_Work order_:
Nothing but the lines below from the one with "Used 2022 Toyota" through the one with "casa indipendente in vendita a Salve" should be output, each exactly as given, and no pictures.

_Provided data_:
..............................
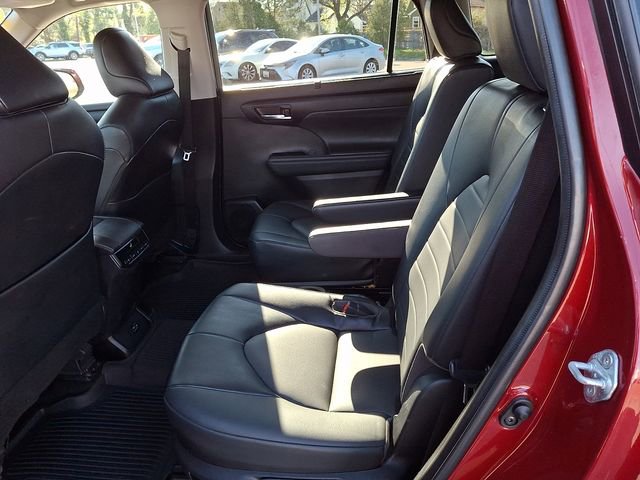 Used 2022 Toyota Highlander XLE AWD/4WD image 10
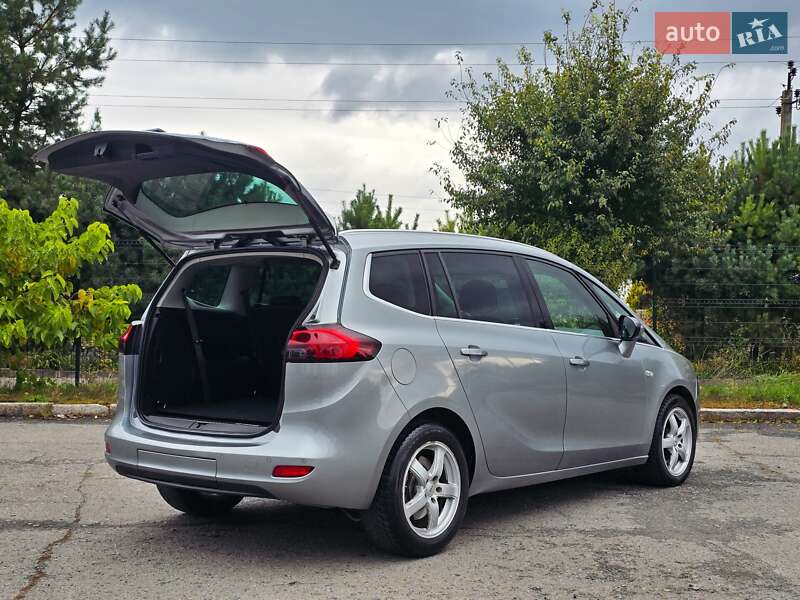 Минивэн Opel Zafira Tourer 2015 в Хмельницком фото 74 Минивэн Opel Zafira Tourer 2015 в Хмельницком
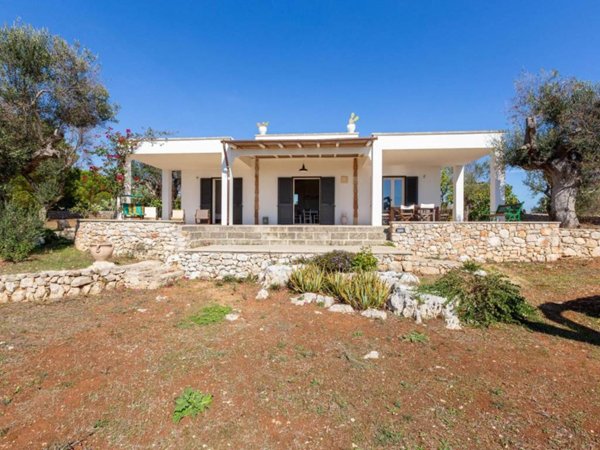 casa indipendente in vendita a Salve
..............................
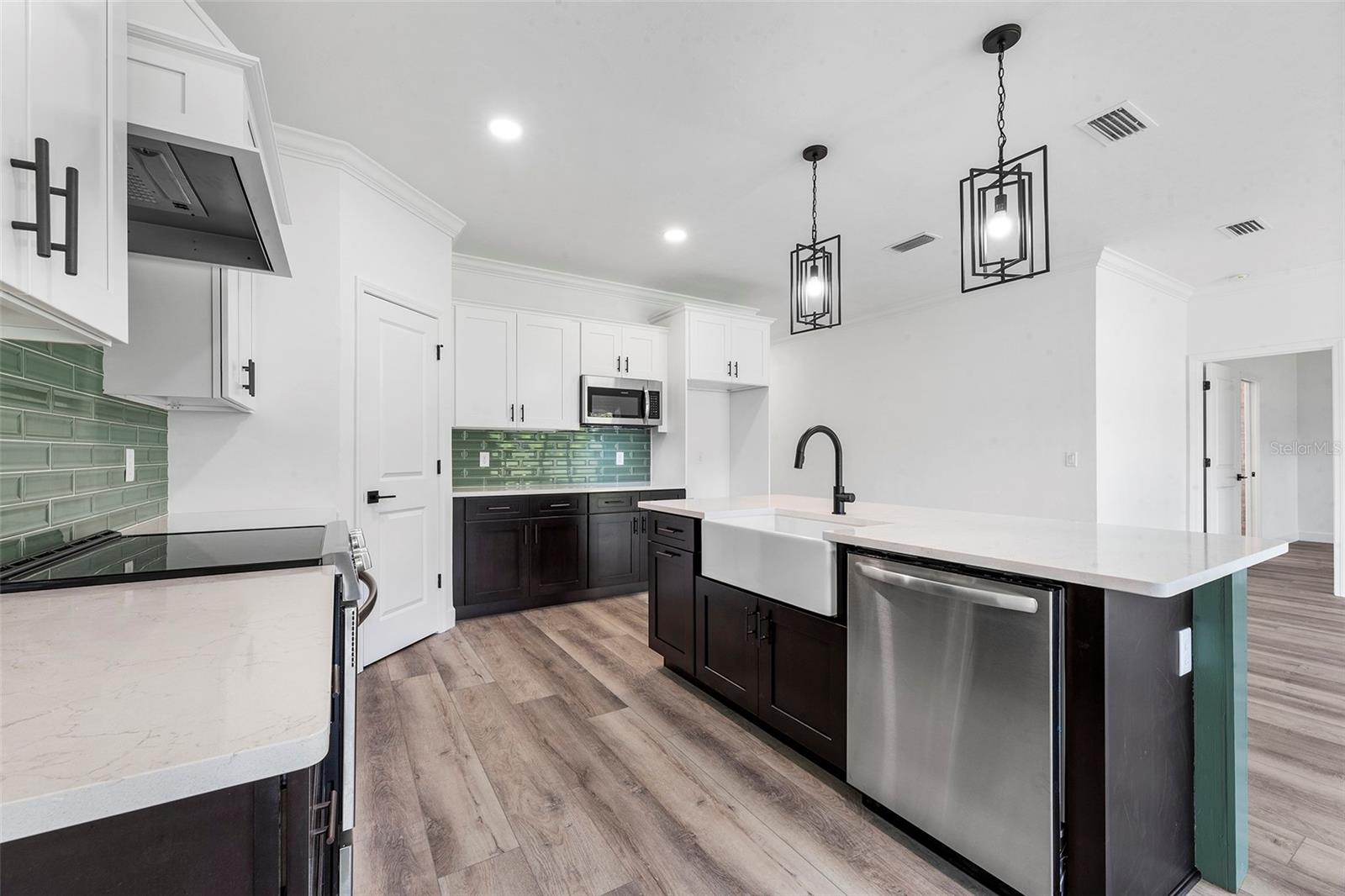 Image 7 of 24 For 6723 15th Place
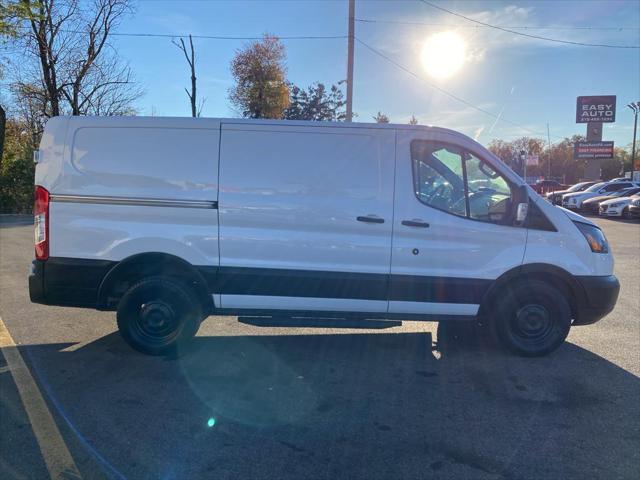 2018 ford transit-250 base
..............................
_Written response_:
 Used 2022 Toyota Highlander XLE AWD/4WD image 10
 Минивэн Opel Zafira Tourer 2015 в Хмельницком фото 74 Минивэн Opel Zafira Tourer 2015 в Хмельницком
 casa indipendente in vendita a Salve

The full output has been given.